I went for a run this morning.
On Saturday, I’d run in my ninth 5k of the year and had my fastest time yet. 26:12. Any serious runners out there are probably snickering. But by some stroke of luck, the serious runners were in the other age groups instead of mine this time, and I placed first in my age group (younger than dirt, old enough to know better). But I tweaked my knee a little bit, probably by not following my usual routine of stretching afterward, and decided to take it easy today.
Easy was two 9:30 miles. That’s my new baseline. Six months ago, it was slightly under eleven minutes per mile. I was struck this morning by how clearly I could remember those eleven minute miles feeling like my limit. At the time, I thought that was as fast as I could run without pushing myself.
Someday, maybe, I’ll get my head game straightened out, and I’ll be able to push myself to faster times on race days. That’s what I thought then. Well, let me tell you, I am still all up in my head pretty much constantly. The little demon, the little blerch, still sits on my shoulder most of the time I’m running, and he tells me that I could quit at any time, nobody is making me run, it hurts and it’s not fun and you could just walk.
But I didn’t stop. Most of the time. Sometimes I have to pry my ass out of bed with a crowbar to hit the pavement. Sometimes I stop running and walk because I feel like I need to, and sometimes that’s the truth and sometimes that’s the demon winning. But more often than not, I fight through the resistance and I put one foot in front of another at least a few days a week.
And now I can run 9:30 miles without really trying (except for ignoring the demon whispers).
I don’t know when it happened. I’m not a natural athlete, so I thought maybe I was immune. I hate sports, so I thought maybe the sports god wouldn’t bless me out of spite. But apparently bodies have their own internal mechanisms that work based on the inputs we give them. Mostly physical inputs. No matter how much I think I won’t improve, if I keep running, I keep getting faster. Just like I can’t make my car start by thinking it should, I have to turn the key (although I hear Google is working on that).
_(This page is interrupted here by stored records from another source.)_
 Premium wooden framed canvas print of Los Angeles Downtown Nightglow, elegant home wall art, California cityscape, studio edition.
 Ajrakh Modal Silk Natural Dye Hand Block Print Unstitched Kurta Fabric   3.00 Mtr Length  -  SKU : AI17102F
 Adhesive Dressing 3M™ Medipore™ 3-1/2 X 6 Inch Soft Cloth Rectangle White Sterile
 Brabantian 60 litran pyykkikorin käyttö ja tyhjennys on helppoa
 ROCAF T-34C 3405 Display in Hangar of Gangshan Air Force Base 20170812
A couple of months ago, my baseline went from 11 minute miles to 9 minute miles. And it was sudden, at least to my awareness. After one run, I looked at Runkeeper, and thought, Holy shit!
About a month ago, I also looked at my writing output for the year and thought the same thing, Holy shit! But for the opposite reason. I’m too ashamed to even tally up how many words I’ve managed. And I have no excuse. Time management is one of my biggest issues. Facebook is my greatest nemesis.
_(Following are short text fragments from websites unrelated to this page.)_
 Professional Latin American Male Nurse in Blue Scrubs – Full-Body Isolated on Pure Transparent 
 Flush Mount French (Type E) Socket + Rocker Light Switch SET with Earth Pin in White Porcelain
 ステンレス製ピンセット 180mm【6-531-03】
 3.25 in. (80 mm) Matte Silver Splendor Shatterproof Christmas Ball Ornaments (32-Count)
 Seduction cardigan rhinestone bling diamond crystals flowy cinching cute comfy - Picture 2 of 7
But there will always be a nemesis. Ten years ago, it was late night infomercials. And it’s really neither of those. It’s the blerch, the writing demon, who says the same kind of shit that the running demon does, You’ll never be good enough. No one will like what you write. You’re going to offend people. You’ll be ashamed or embarrassed. You will fail.
So why don’t you watch this advert for Insanity for the tenth time? Or hit the refresh button on Facebook for the tenth time?
It’s not all gloom with my writing this year. I’ve submitted more work than ever before. And every time I hit send, the demon tells me that it’s pointless. And every time I get a rejection, he says, see? But I keep prying myself off the couch with the crowbar, and I keep hitting send.
About two weeks ago, I ran across Chuck Wendig’s no bullshit writing plan for a novel in a year. 350 words a day, five days a week. In my head, it sounded an awful lot like my plan to run three to four times a week for 20-ish minutes with occasional hour long runs.
The last two weeks, I’ve kept to the plan. I’m sure I will fuck up and miss some days or weeks. I did with running, too. But all I have to do is keep fighting through the resistance, again and again and again and again, and eventually I will be writing more often and more easily.The baseline will move.
And it will feel like it happened magically, out of nowhere.